Despite improved business and consumer sentiments, concrete evidence of a robust growth pickup is yet to be seen, the IMF said in approving the eighth review under the extended fund facility this week.
"Although risks to the programme are slowly receding, they remain high," the IMF said, adding, "without stronger economic activity, social support for the demanding reform programme may falter".
It added that external financial flows could be affected by exogenous shocks, notably higher United States interest rates or changes in PetroCaribe flows.
"Continued weakness in budget revenue could jeopardise the sustainability of the fiscal consolidation over a longer horizon. Vulnerabilities in the financial system are temporarily elevated due to the securities dealers sector transitioning to a new business model and the domestic government bond market remaining frozen," it said.
In its Spring 2015 economic update subtitled Jamaica: Sustained Adjustment, Fragile Recovery, released last week, the World Bank said that while the US$800 million sovereign bond issue in 2014 re-established access to international debt markets, the government remained locked out from internal financing as the market for government paper continued to be frozen.

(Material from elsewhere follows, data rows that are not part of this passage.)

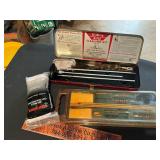 Gun cleaning kits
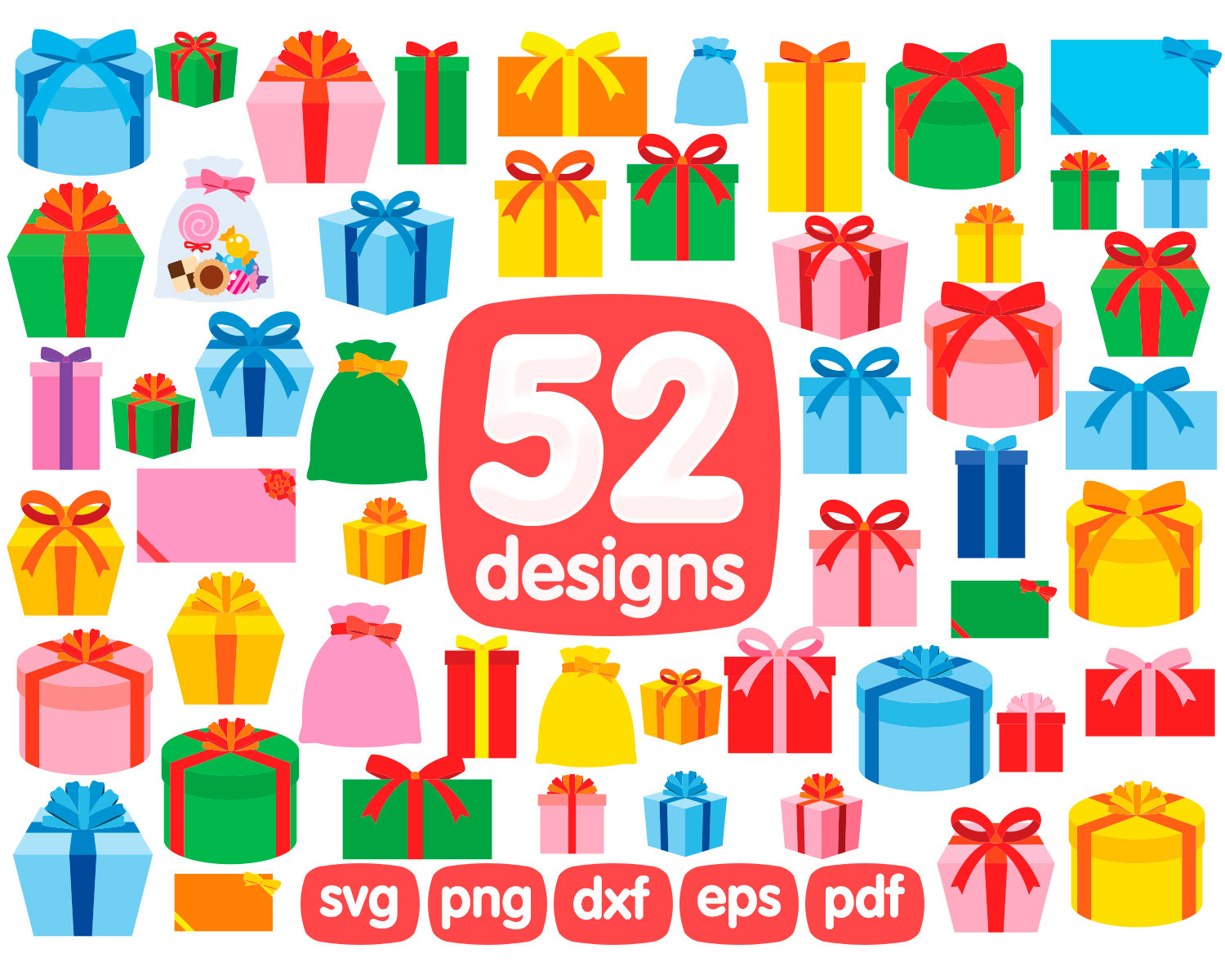 Download Present Box Svg Gift Box Svg Gift Box Cut Filegift Box Clipart Box Svg Birthday Present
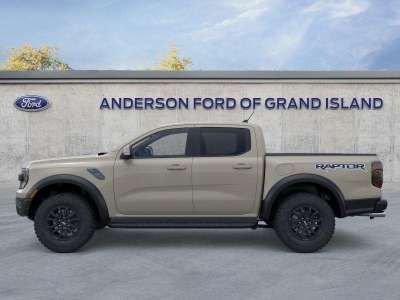 New 2025 Ford Ranger for sale in Grand Island NE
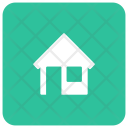 پیش‌نمایش فایل home-1150 از پک مربع گرد گلیف های املاک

However, it said that as risk spreads continues to decline and the IMF programme progresses successfully, it is expected that the domestic bond market would become active again.
The World Bank also noted that the government continues to benefit from a parliamentary majority, but the impact of difficult reforms is beginning to take its toll.
It said the People's National Party's (PNP) previously strong approval ratings have eroded amid fiscal austerity, a weak economy, high unemployment and steep crime rates.
"The opposition Jamaica Labour Party has benefited as evidenced by a strong lead in public opinion polls," the World Bank said.
"However, internal party issues may prevent it from sustaining this lead in the run-up to the next elections, due before end-2016. The PNP administration may be forced to increase social spending before the elections, despite its commitment, so far, to an austerity programme," it added.
In its outlook for Jamaica, the World Bank said that even though real gross domestic product (GDP) growth was low in 2014/15, the transitory nature of the drought the island experienced last year implies that growth could pick up to 1.5 per cent in 2015/16.
Growth, it said, will be driven by private investment, increased dynamism in the export sector and some increase in private consumption as business and consumer confidence rise with each successful review of the IMF supported programme.
As fiscal space is regained, more expenditure could be targeted towards capital accumulation, yielding higher growth in the medium to long term, the bank said. Lower oil prices and the recovery of the United States economy will also help Jamaica grow in the medium term, it said.
The World Bank said Jamaica's growth outlook would largely depend on the country's ability to remain on track with its structural reforms which, coupled with continued progress under the IMF-supported programme, would help attract the lumpy infrastructure investments needed to support the logistics hub initiative, the government's key growth programme.
Reforms that would reduce the regulatory constraints to investment, while strengthening competitiveness and improving transparency, would go a long way to help secure those deals, the bank said.
Noting that global developments, including the recent decline in the price of oil, will have a mixed impact on the local economy, the bank said, in the medium term, the recovery of the United States economy will imply higher demand for Jamaican exports.
However, an increase in United States interest rates could divert capital flows to developed economies and possibly reduce financing available for Jamaica as investor appetite for emerging market debt decreases.
The bank said Jamaica's growth forecast is subject to considerable risks. A key challenge, it said, is to generate sufficient growth to more than offset the contractionary impact of the ongoing fiscal consolidation.
Fiscal consolidation, in turn, needs to rely more on revenue generation which has been difficult in a low-growth environment.
The World Bank said continued expenditure restraint will become difficult, especially as the 2016 election deadline approaches.
Jamaica's large amortisation needs - averaging about US$1.4 billion, annually, between 2017/18 and 2019/20 - create significant refinancing risks and necessitate continued strong access to international and domestic capital markets, the latter remaining frozen since the domestic debt exchange in 2013.